Shaun McCance wrote:
> On Tue, 2006-08-29 at 10:01 +1200, Glynn Foster wrote:
>> Hey,
>>
>> Shaun McCance wrote:
>>> I'm going to coin a new term: key churn.  This is when people
>>> make frivolous and unnecessary changes to GConf keys or their
>>> default values.  It sucks for large deployments.  Gnome is
>>> bigger than your personal desktop.
>> I don't really care too much about the name change, but what I do care about 
>> is
>> the migration story between themes as new engines/icons/whatever are dropped 
>> in
>> and out. This stuff isn't as smooth as it should be - hopefully Calum can
>> provide details of what currently happens [we documented this for an ARC case
>> recently].
> 
> I don't care about the name change out of some phonetophilic
> adoration of the word "Clearlooks".  I care because of the
> problems it introduces.
> 
> Scenario 1) I have, at some point, explicitly set my theme
> to Clearlooks, rather than getting Clearlooks from the GConf
> default value.  I upgrade to Gnome 2.16.  What happens?

You get the Clearlooks theme, that is installed by gtk-engines.

> 
> Interim 1) I utter some choice words about the ugly boxiness
> of the default GTK+ rendering.  But I'm pretty clever, so I
> go to the theme manager, find Clarius, and switch.  Clarius
> is now explicitly set as my theme in GConf.

You don't get the ugly default GTK+ rendering, because you already have 
Clearlooks installed.

> 
> Scenario 2) I go to use another machine that's mounting
> the same NFS home directory, or is otherwise getting the
> same GConf values.  This machine is running Gnome 2.14,
> which doesn't include Clarius.

The same thing would happen if you went to a machine running a Gnome 
version prior to that which Clearlooks was available in. Or if you 
selected a theme that you have installed locally, or any other 
combination of possibilities. I think it is slightly unreasonable to 
assume we can never add new themes.

> Interim 2) I utter some choice words and post a flame to
> Slashdot and/or OSNews.  I go to the theme manager and
> change my theme back to Clearlooks.
> 
> Scenario 3) I go back to do some work on the machine that's
> running Gnome 2.16.  See scenario 1.

It's running Clearlooks, but with a slightly "updated" appearance.

> 
> Friends don't let friends churn keys.

I know several people have already pointed out the relevant points about 
the change, but I just want to reassure you I did consider these 
scenarios before I made the changes.

There were several reasons for the change. Firstly, I wanted to make 
sure we didn't go through "appearance churn". The new cairo based 
clearlooks engine provides several changes to the UI. I wanted to make 
the 2.16 appearance more consistent with the 2.14 appearance. I also had 
several people mention to me that they did not want Gnome to go down the 
"glossy appearance" route. It was therefore critical that the glossy 
scrollbars were toned down before the release. Unfortunately I was under 
the impression that I made this change before the UI freeze, which I now 
realise was incorrect. Secondly, the change did not affect any 
translatable strings, so I assumed it did not affect the string freeze.

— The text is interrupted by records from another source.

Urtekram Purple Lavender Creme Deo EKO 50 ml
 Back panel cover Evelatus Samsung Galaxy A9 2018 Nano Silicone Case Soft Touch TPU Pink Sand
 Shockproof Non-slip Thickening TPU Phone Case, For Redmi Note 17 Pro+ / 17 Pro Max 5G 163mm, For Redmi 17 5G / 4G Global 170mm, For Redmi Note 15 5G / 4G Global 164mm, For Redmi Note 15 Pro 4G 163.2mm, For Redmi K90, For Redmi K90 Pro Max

The reason I felt it necessary to make our own gtk+ theme (in 
gnome-themes, rather than relying on the one provided by gtk-engines), 
is that we probably will want to make more conservative changes in the 
future than the author of Clearlooks wants to make.

Having spoken to Richard about this problem (unfortunately he has been 
very busy and we didn't get a chance to discuss it before), he seems 
willing to keep the Clearlooks gtkrc as conservative as Gnome wants it, 
and put more exciting changes into a separate gtkrc. With the permission 
of the release team, I would be happy to revert the changes, and change 
the one line that makes the scrollbars blue in the Clearlooks gtkrc.